I know that $\omega^\omega\omega$ is $\omega$ copies of $\omega^\omega$, and $\omega\omega^\omega$ is $\omega^\omega$ copies of $\omega$. But how can I tell which one is a member of the other?
$\omega^\omega\omega\in\omega\omega^\omega$ or $\omega\omega^\omega\in\omega^\omega\omega$? And why?
The ordinal $\omega^\omega\cdot\omega$ is equal to $\omega^{\omega+1}$.
The ordinal $\omega\cdot\omega^\omega$ is just equal to $\omega^\omega$.
So $\omega^\omega\cdot\omega$ is the bigger ordinal while $\omega\cdot\omega^\omega$ is the smaller ordinal.

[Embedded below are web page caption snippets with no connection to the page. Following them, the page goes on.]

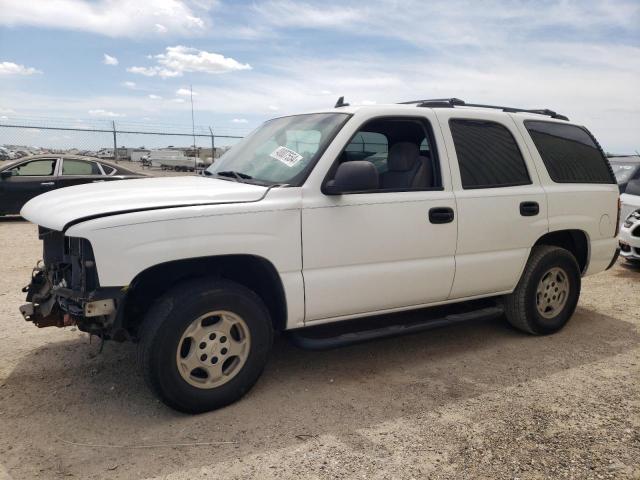 CHEVROLET TAHOE 2006 1gnec13v56r134251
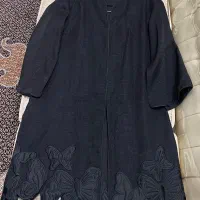 مانتوی مزونی مدل پروانه بسیار زیبا و خاص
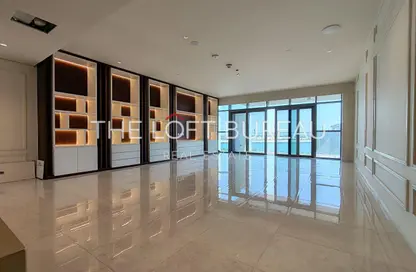 Apartment - 3 Bedrooms - 4 Bathrooms for sale in Seef Lusail Tower 1 - Seef Lusail - Lusail City - Lusail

One way of understanding $\omega.\omega^\omega$ might be that: After $\omega$ copies of $\omega$ are placed the ordinal reached is $\omega^2$. After $\omega ^2$ copies of $\omega$ are placed the ordinal reached is $\omega^3$. After $\omega ^3$ copies of $\omega$ are placed the ordinal reached is $\omega^4$. After $\omega ^4$ copies of $\omega$ are placed the ordinal reached is $\omega^5$. And so on...
So when we have placed $\omega^ \omega$ copies of $\omega$ we are just at $\omega^ \omega$. And not surprisingly this is supremum (least-upper-bound) of :
$$\{\,\omega ^2,\omega ^3,\omega ^4,\omega^5,...\}$$
Edit: Note that partly why this kind of question may arise is that for any finite ordinal $n$ we actually have: $$\omega\cdot\omega^n=\omega^n\cdot\omega=\omega^{n+1}$$